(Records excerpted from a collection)
=====

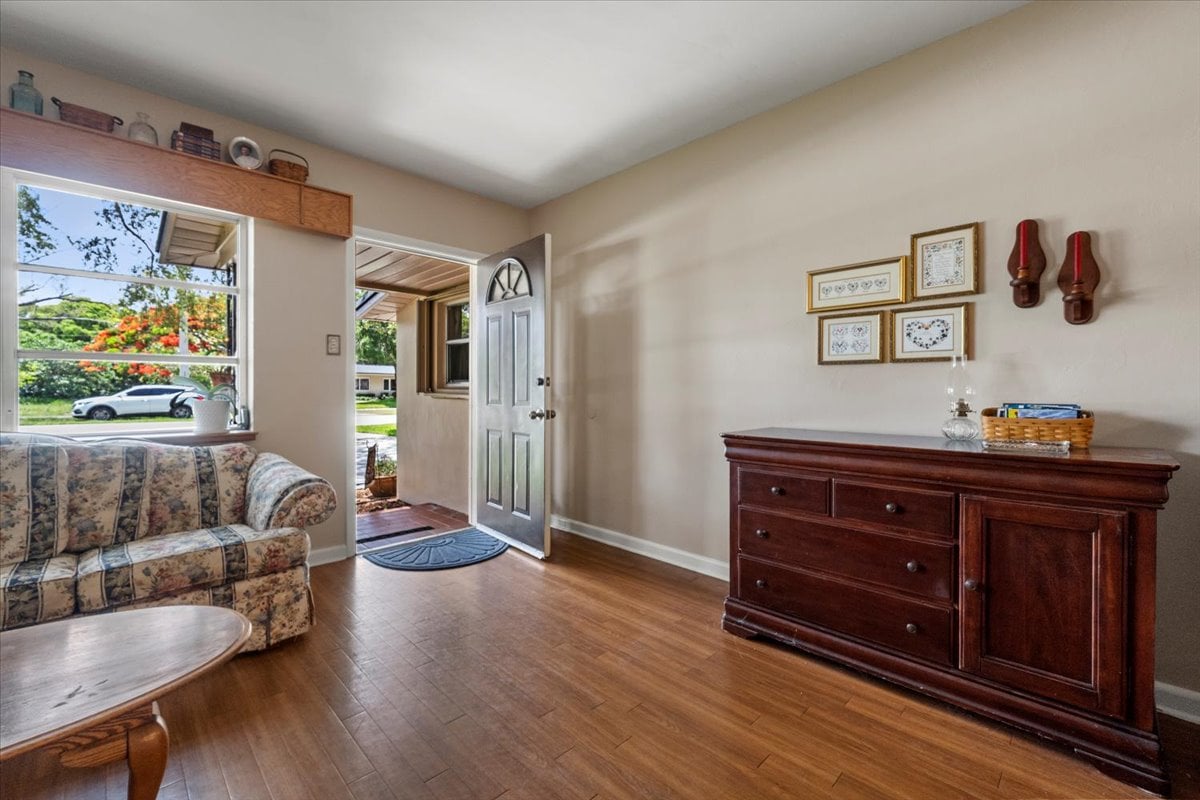 404 NE 11th Ave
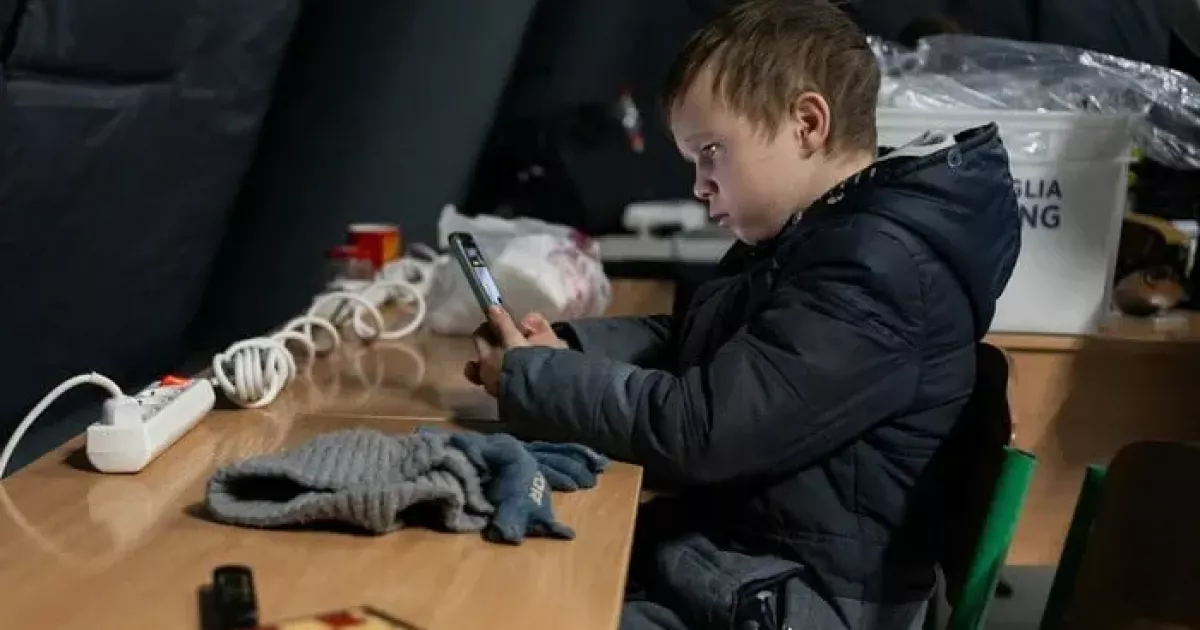 Школи Лівого берега йдуть в онлайн: як енергетична криза змінює навчання у Дарницькому та Дніпровському районах Києва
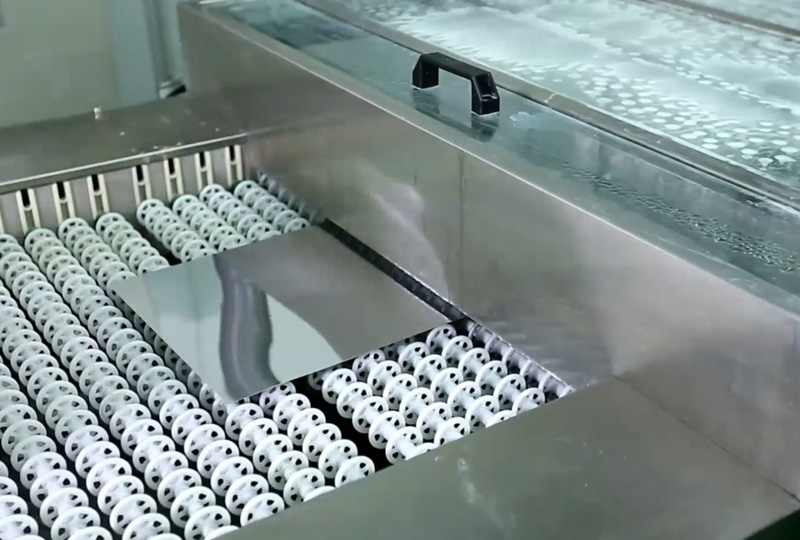 东莞亚凯特金属片材前处理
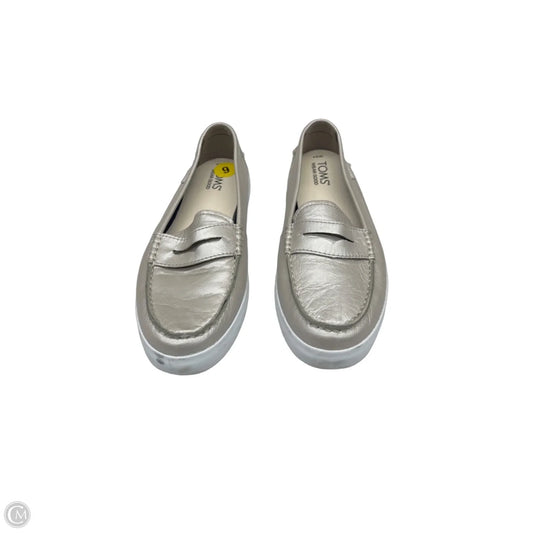 Shoes Flats By Cole-haan In Silver, Size: 9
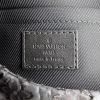 Pochette Louis Vuitton en toile monogram noire - Detail D3 thumbnail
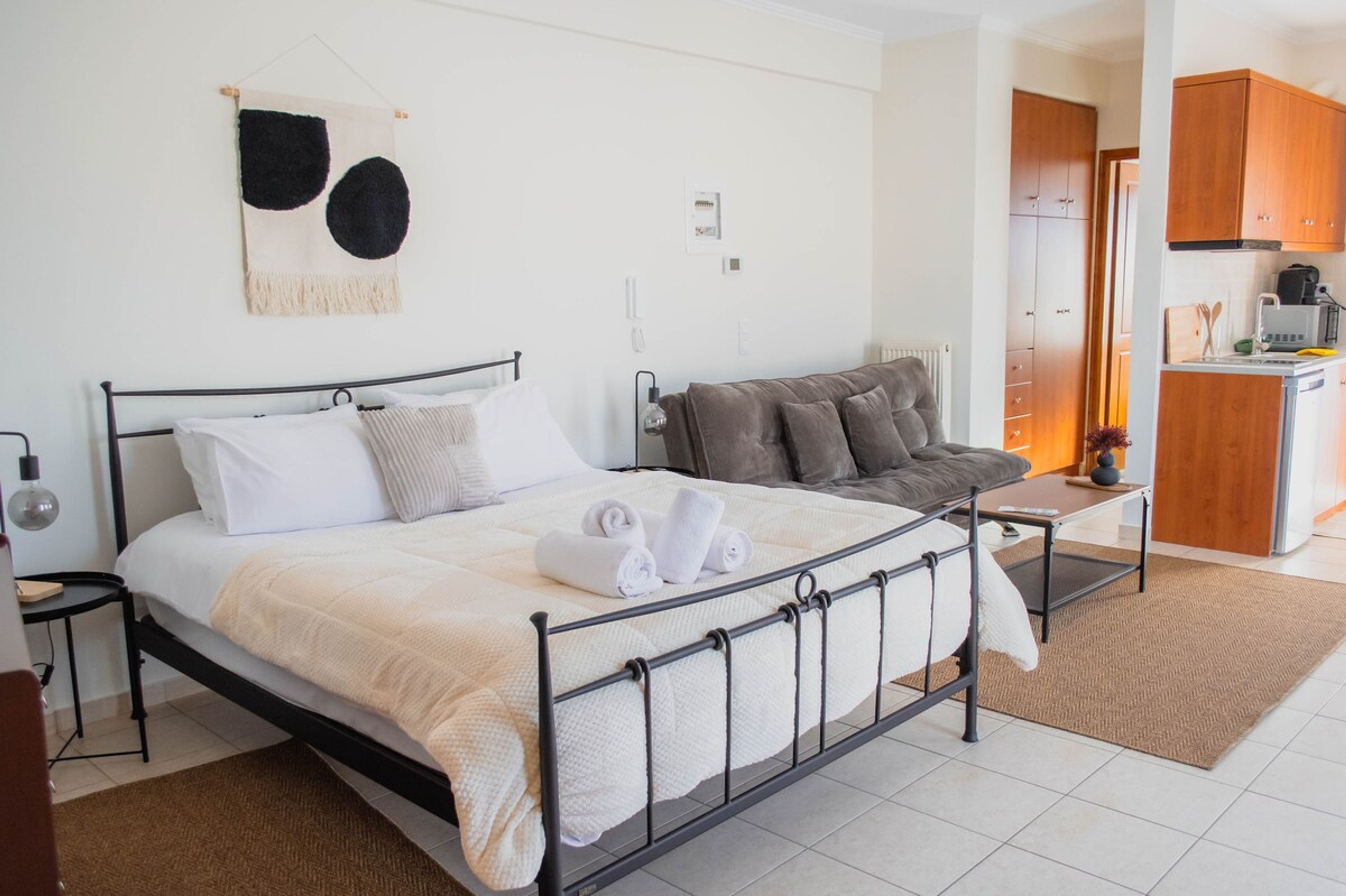 1 habitación, escritorio y sistema de insonorización 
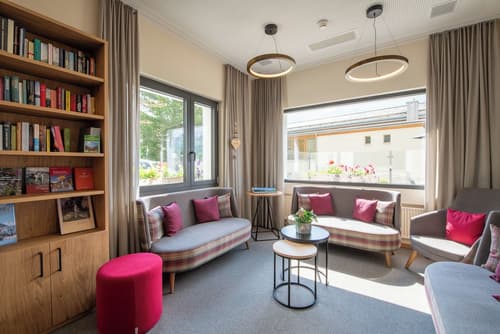 Hostel by Randolins, Lobby sitting area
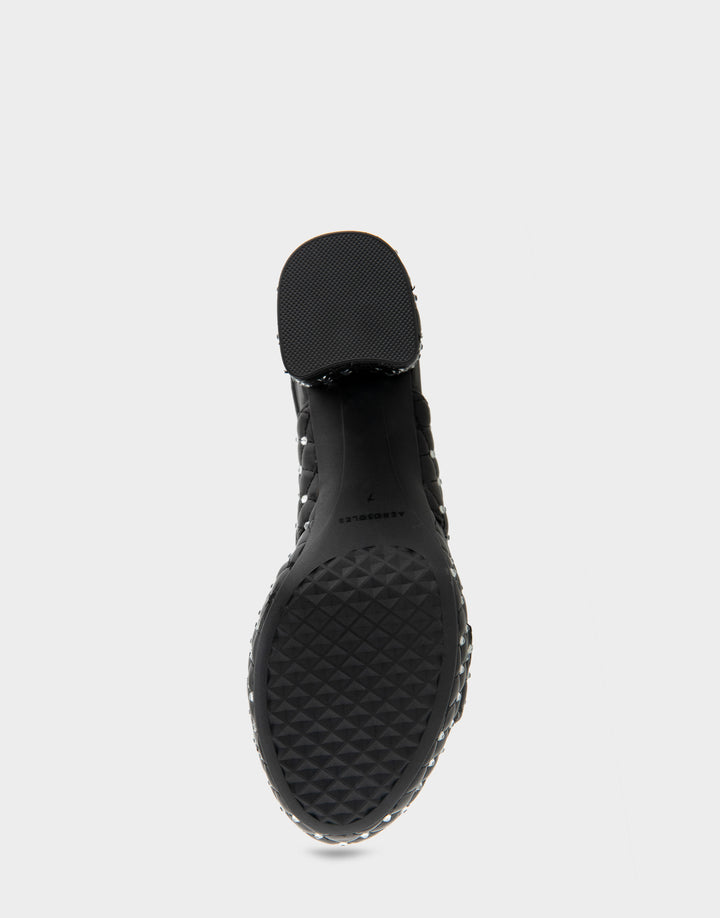 Comfortable Women's Platform Sandal in Black Quilted Faux Leather With Crystals Sole View 
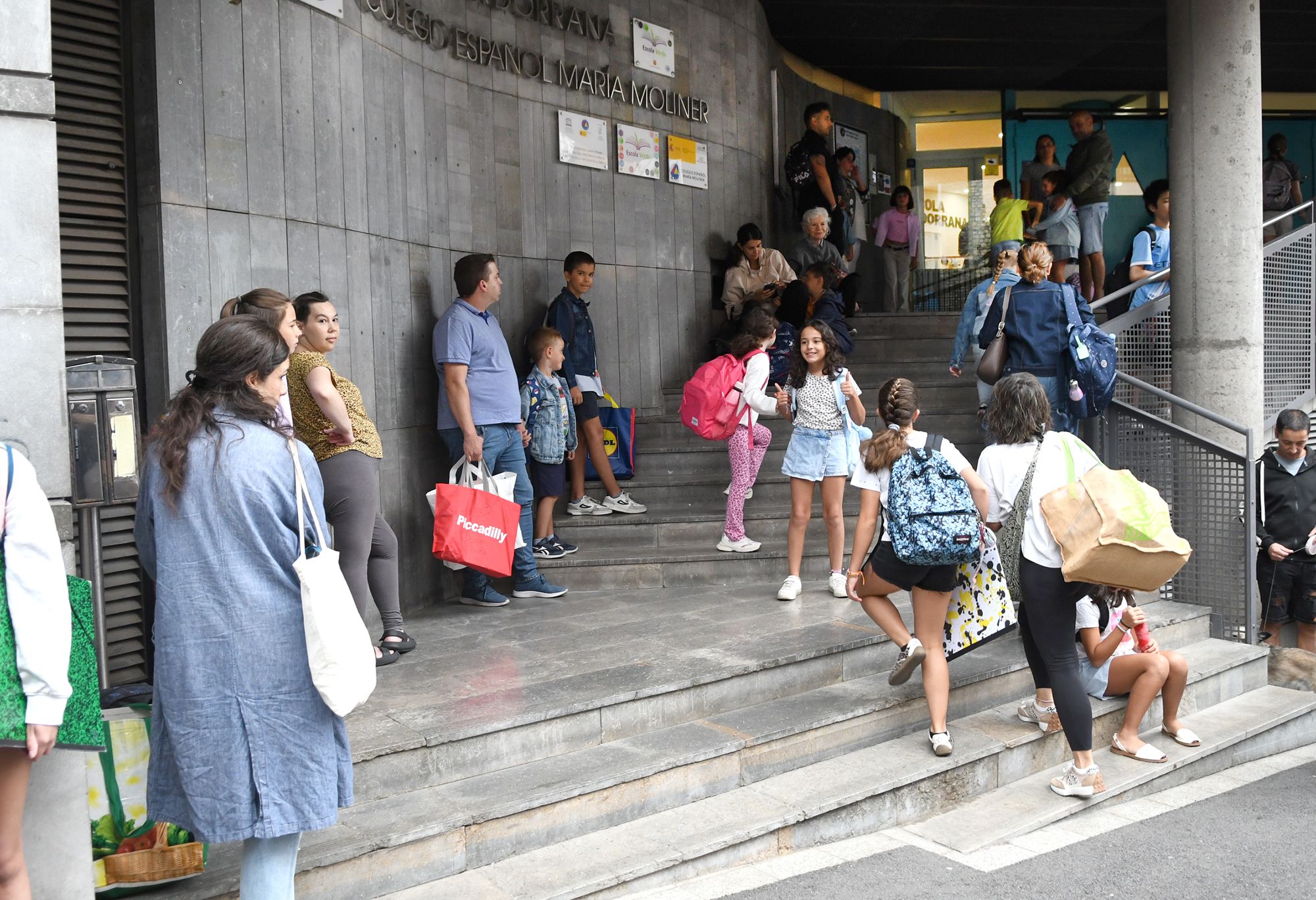 Alumnes entrant a l'escola andorrana d'Escaldes.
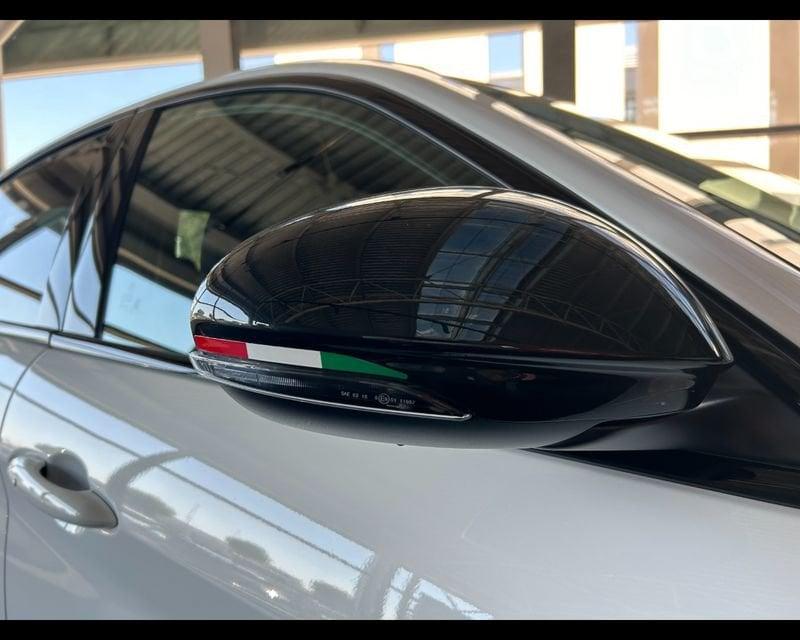 Alfa Romeo Giulia 2.2 Turbodiesel 210 CV AT8 AWD Q4 Tributo Italiano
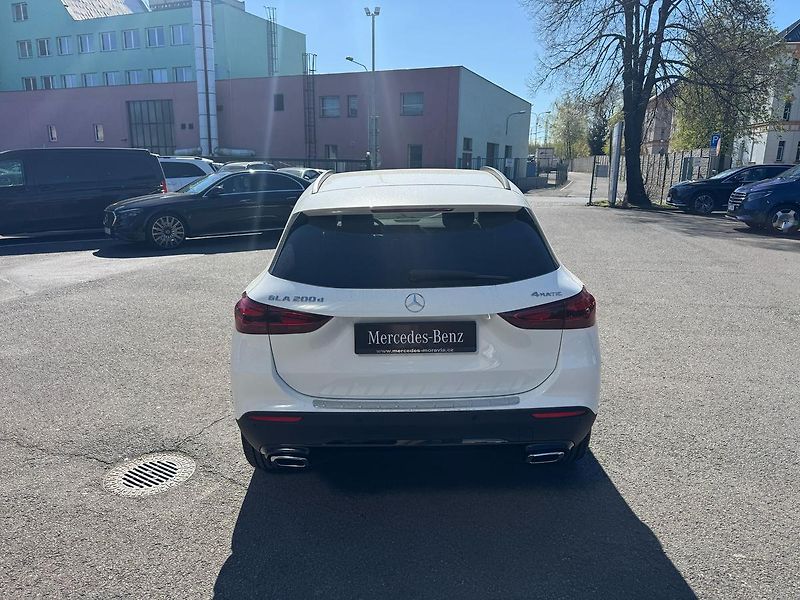 Mercedes-Benz GLA (2024) 200 d 4MATIC - fotka 4 z 31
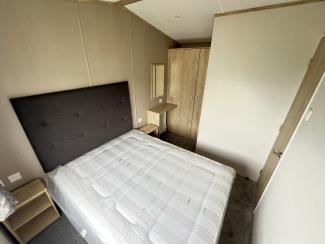 The Bayview_Main bedroom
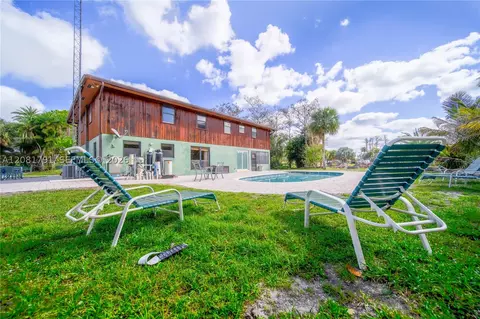 576 Marshall Rd, West Palm Beach, FL 33413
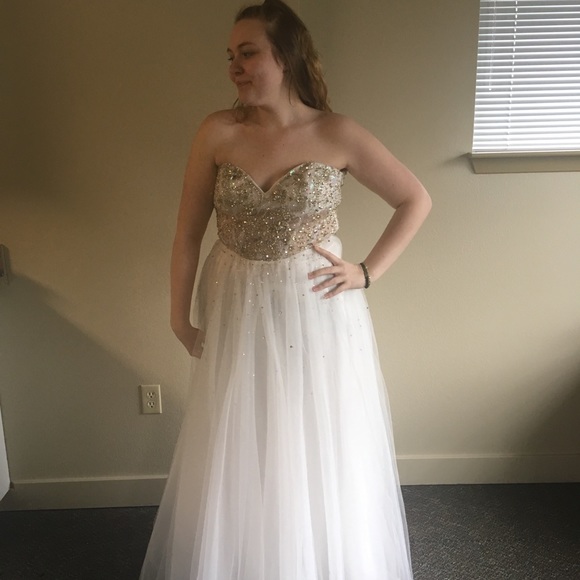 Prom dress - Picture 2 of 5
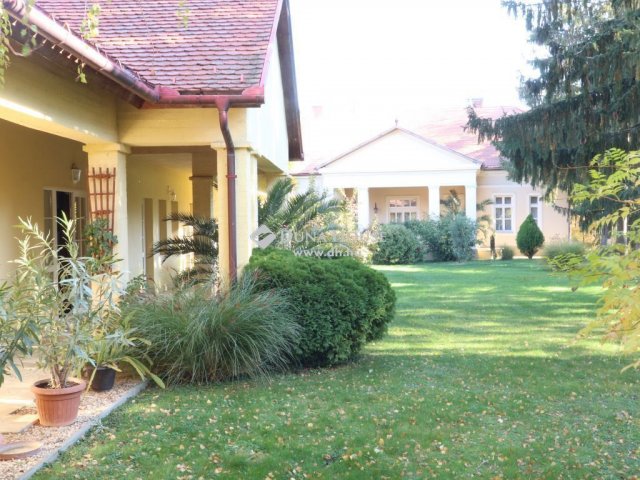 Eladó családi ház, Pécsváradon 189 M Ft, 7 szobás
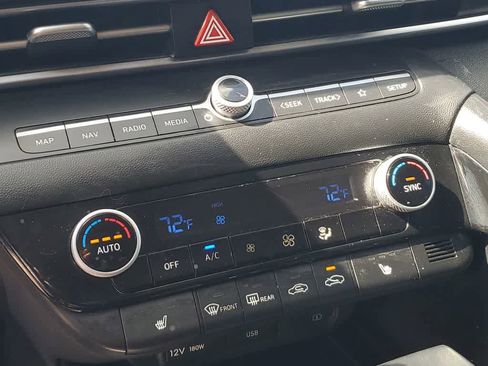 Used 2023 Hyundai Elantra SEL w/ Convenience Package image 27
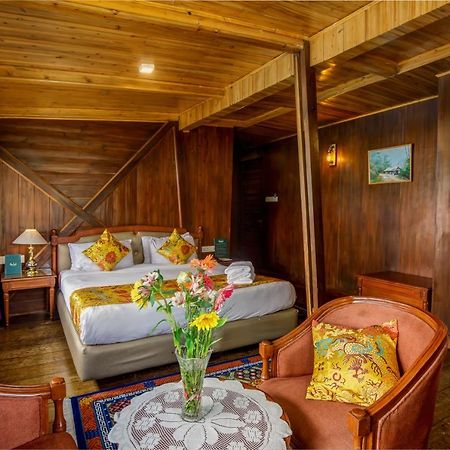 Muscatel Himalayan Resort - 400 Mts From Mall Road Darjeeling  Exterior photo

=====

(Goal of the exercise)
None of the pictures should appear, though every line of the data above must be reproduced exactly.

(Solution for this exercise)
 404 NE 11th Ave
 Школи Лівого берега йдуть в онлайн: як енергетична криза змінює навчання у Дарницькому та Дніпровському районах Києва
 东莞亚凯特金属片材前处理
 Shoes Flats By Cole-haan In Silver, Size: 9
 Pochette Louis Vuitton en toile monogram noire - Detail D3 thumbnail
 1 habitación, escritorio y sistema de insonorización 
 Hostel by Randolins, Lobby sitting area
 Comfortable Women's Platform Sandal in Black Quilted Faux Leather With Crystals Sole View 
 Alumnes entrant a l'escola andorrana d'Escaldes.
 Alfa Romeo Giulia 2.2 Turbodiesel 210 CV AT8 AWD Q4 Tributo Italiano
 Mercedes-Benz GLA (2024) 200 d 4MATIC - fotka 4 z 31
 The Bayview_Main bedroom
 576 Marshall Rd, West Palm Beach, FL 33413
 Prom dress - Picture 2 of 5
 Eladó családi ház, Pécsváradon 189 M Ft, 7 szobás
 Used 2023 Hyundai Elantra SEL w/ Convenience Package image 27
 Muscatel Himalayan Resort - 400 Mts From Mall Road Darjeeling  Exterior photo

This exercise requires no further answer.